Commit Graph

880 Commits

Author SHA1 Message Date
Dennis Heimbigner
8cab468169 Suppress filters on variables with non-fixed-size types.
re: Discussion https://github.com/Unidata/netcdf-c/discussions/2554
re: PR https://github.com/Unidata/netcdf-c/pull/2231
re: Issue https://github.com/Unidata/netcdf-c/issues/2189

After some discussion, the issue of applying filters on variables
whose type is not fixed size, was resolved as follows:
1. A call to nc_def_var_filter will ignore such filters, but will issue a log warning.
2. Loading (from an existing file) a variable whose type is not fixed-size and which has filters, will cause the variable to be suppressed.

This PR enforces those rules.

### Misc. Other changes
* Add a test case to test the vlen change.
* Make some minor clean-ups in various cmake and automake files.
* Remove unused test
2023-06-21 14:46:22 -06:00
Ward Fisher
8b90ffaeef Changed my mind about the #define. We are still using has_multifilters in nc-config, and I can see where people might want to use this define to write code that works with modern and older versions of netCDF. 2023-06-12 15:12:39 -06:00
Dennis Heimbigner
cdbf04956b Provide a single option to disable all network access and testing.
Add the option "--disable-network-access" (automake)
or "-DENABLE_NETWORK_ACCESS=OFF" (cmake).
When disabled, this option transitively disables all
network access capabilities and testing.
If set, this option implies the following:
* --disable-dap
* --disable-byterange
* --disable-s3

This PR answers a request for a feature from Ed Hartnett.

## Misc. Other changes
* Take the opportunity to clean up some old, unused options;
e.g. --enable-multifilters.
* Fix bug in using S3 urls.
2023-06-10 14:08:04 -06:00
Dennis Heimbigner
fb40a72b45 Improve performance of the nc_reclaim_data and nc_copy_data functions.
re: Issue https://github.com/Unidata/netcdf-c/issues/2685
re: PR https://github.com/Unidata/netcdf-c/pull/2179

As noted in PR https://github.com/Unidata/netcdf-c/pull/2179,
the old code did not allow for reclaiming instances of types,
nor for properly copying them. That PR provided new functions
capable of reclaiming/copying instances of arbitrary types.

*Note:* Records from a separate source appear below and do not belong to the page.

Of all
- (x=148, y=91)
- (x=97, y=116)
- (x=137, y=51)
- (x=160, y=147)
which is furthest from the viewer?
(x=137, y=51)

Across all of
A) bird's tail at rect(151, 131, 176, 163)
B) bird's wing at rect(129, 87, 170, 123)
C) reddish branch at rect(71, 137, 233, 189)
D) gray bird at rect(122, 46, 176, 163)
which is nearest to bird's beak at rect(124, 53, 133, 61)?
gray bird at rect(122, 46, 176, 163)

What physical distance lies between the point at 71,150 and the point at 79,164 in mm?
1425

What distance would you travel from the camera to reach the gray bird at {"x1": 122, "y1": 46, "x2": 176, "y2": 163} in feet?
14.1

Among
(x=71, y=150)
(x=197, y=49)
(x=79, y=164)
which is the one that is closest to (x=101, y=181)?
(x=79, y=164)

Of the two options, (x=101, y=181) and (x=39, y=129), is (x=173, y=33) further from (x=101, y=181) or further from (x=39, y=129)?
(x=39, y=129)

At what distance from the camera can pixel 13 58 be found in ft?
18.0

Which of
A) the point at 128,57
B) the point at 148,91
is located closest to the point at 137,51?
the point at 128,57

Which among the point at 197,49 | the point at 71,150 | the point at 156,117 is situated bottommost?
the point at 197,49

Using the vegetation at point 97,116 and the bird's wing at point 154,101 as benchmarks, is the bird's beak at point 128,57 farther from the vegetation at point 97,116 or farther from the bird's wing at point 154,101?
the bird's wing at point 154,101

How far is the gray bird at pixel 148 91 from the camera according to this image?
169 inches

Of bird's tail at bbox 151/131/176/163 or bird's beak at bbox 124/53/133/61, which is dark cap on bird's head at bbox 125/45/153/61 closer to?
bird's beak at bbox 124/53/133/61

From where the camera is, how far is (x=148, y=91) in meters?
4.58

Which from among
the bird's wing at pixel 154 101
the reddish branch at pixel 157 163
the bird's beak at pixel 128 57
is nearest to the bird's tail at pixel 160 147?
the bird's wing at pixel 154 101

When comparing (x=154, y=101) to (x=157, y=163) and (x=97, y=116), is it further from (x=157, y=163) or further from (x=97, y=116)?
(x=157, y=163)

However, as noted by Issue https://github.com/Unidata/netcdf-c/issues/2685, using these
most general functions resulted in a significant performance
degradation, even for common cases.

This PR attempts to mitigate the cost of using the general
reclaim/copy functions in two ways.

First, the previous functions operating at the top level by
using ncid and typeid arguments. These functions were augmented
with equivalent versions that used the netcdf-c library internal
data structures to allow direct access to needed information.
These new functions are used internally to the library.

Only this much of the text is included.